50,000 Binladin workers issued exit visas

50,000 Binladin workers issued exit visas

April 30, 2016
File Photo
File Photo

JEDDAH – About 50,000 workers in Binladin Company, who were issued exit only visas, are sticking to their position of not leaving the country until they are paid their dues — entitlements and salary arrears for over four months, Al-Watan online reported Friday.

A source told Al-Watan that the workers are staging a sit-in almost daily. This is at a time when the company has given the workers the option of taking an urgent final exit visa or wait until their salary arrears are paid in full.

The termination of the contracts of 50,000 workers in Binladin Company and granting them final exit visas caused the ongoing current crisis between the company and the workers. The workers continued to stage sit-ins and gather in front of the company’s administrative office situated in Jeddah’s Al-Salama district.

A source in Binladin Company told Al-Watan that there are among the workers those who have not received their salaries for six months. This has caused them to take loans to tide over the months, pay their rents and their children’s school fees.

The source, requesting anonymity, disclosed that the company has made promises to pay the workers their salaries next week.

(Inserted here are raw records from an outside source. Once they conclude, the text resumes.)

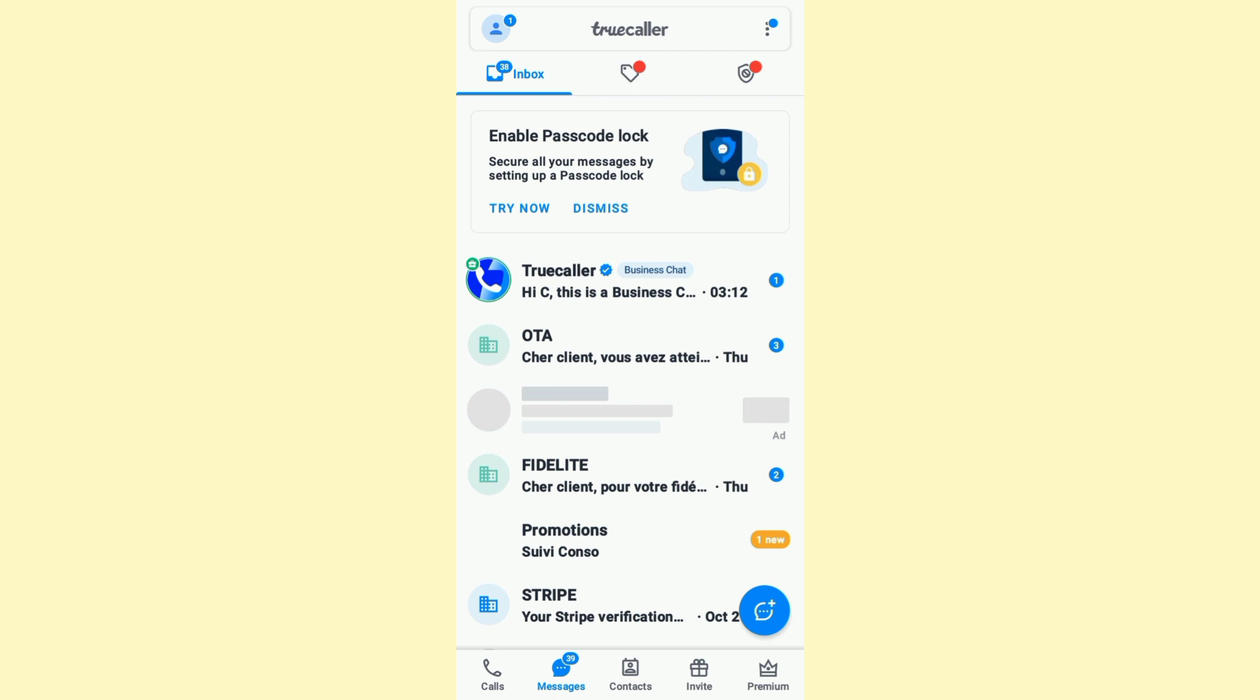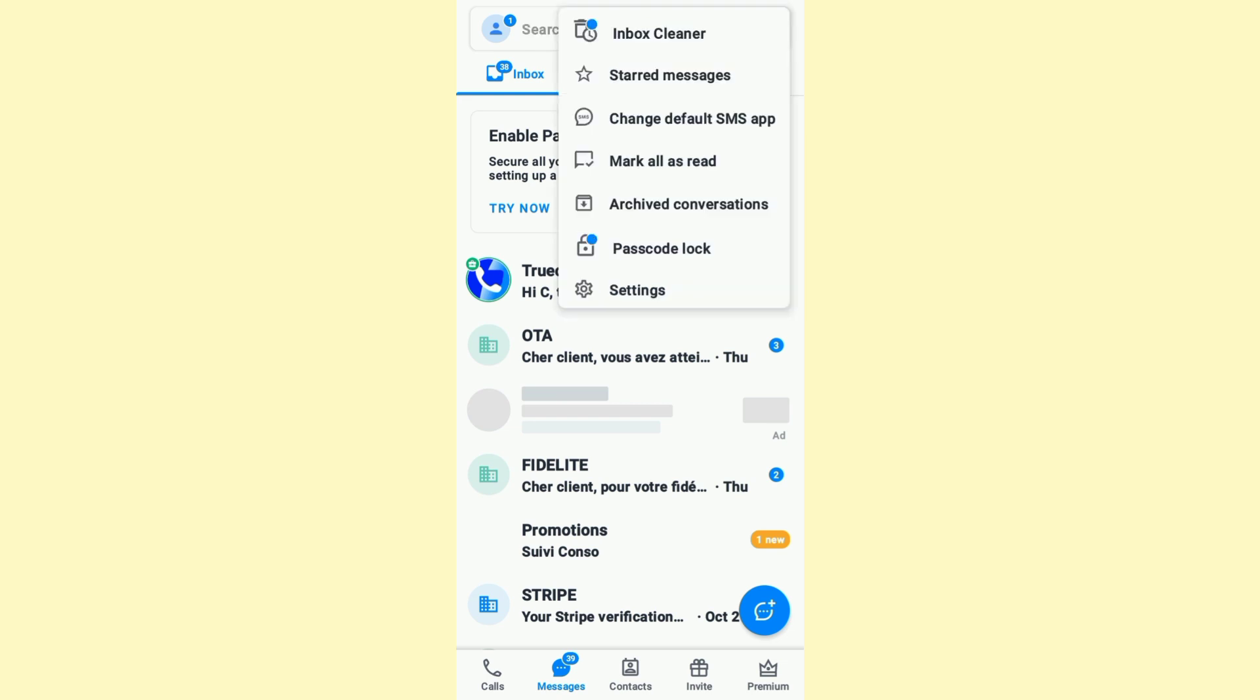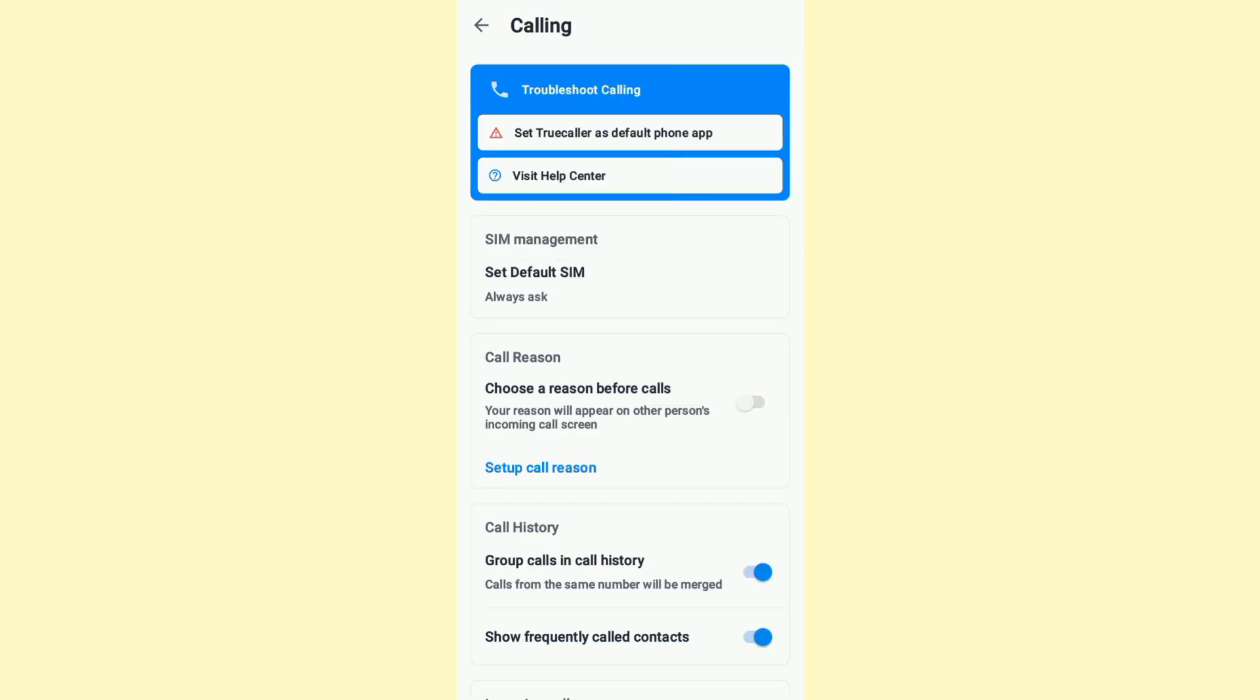After that, click on Settings and here click on Calling. Once you're here, scroll down to the Notifications section.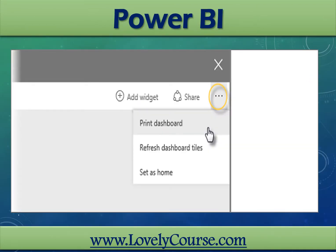In this section, we're going to discuss Printing Power BI Dashboards. It's also required sometimes to take printouts of our reports and dashboards. With Power BI, you can take prints of your BI reports and dashboards.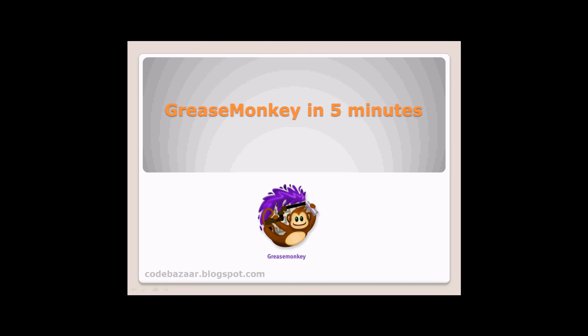If you are constantly annoyed by a poorly designed website, you will now have the opportunity to try GreaseMonkey and fix it.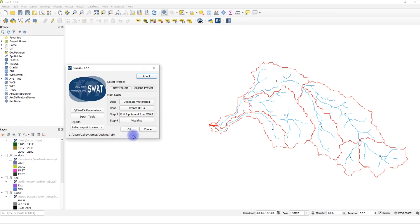In the next video, we'll look at more options in SWAT Plus Editor that can help us in adapting our model for our case study or based on our data.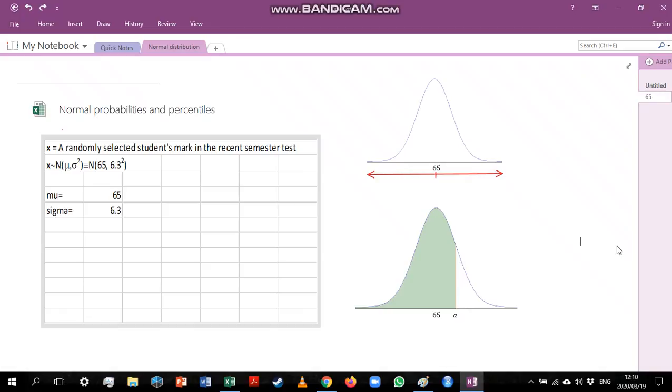In this video we will look at the normal distribution and how to use Excel to calculate probabilities and percentiles from this distribution.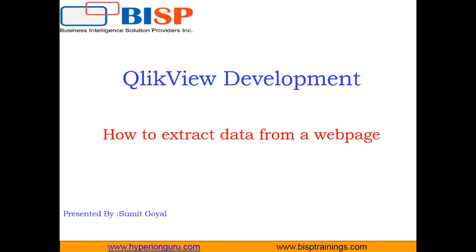This is my new video in QlikView development. As all of you know that QlikView is a BI tool and by using QlikView we can create rich dashboards and rich reports and it would be very helpful in data visualization and data analysis.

He further said that the company’s termination of the services of 50,000 workers has led to their gathering in front of the company’s administrations in various cities of the Kingdom daily.

The workers are demanding payment of their entitlements before departing from the country. These arrears will cost the company over SR10 million amid the cessation of work in a big number of its projects located in different cities of the Kingdom.

The source said that the gathering of the workers has become a continuous and daily matter in a manner causing concern — first, among the workers who are still on the job, and second, among the workers whose sponsorships have been terminated.

The source disclosed that the sector for urgent projects in the company has terminated the services of 10,000 people from the group of workers who were working in the projects in Jeddah, Makkah and Madinah. Now only 6,000 workers are remaining.

The source said the company has given the workers the choice to be issued a final exit visa or wait until there is a breakthrough in the salary arrears crisis. He said that the problem lies in the payment of the entitlements of the workers who have been issued final exit visas.

An official source in the company said it is in the process of paying one month’s salary to 15,000 expatriate and Saudi workers and engineers. Several workers were not convinced by this measure and described it as a painkiller.

This comes at a time when a number of Binladin Company workers said that their number exceeds 25,000 expatriate and Saudi workers and they will stop working. They agreed among themselves not to report at the sites of projects.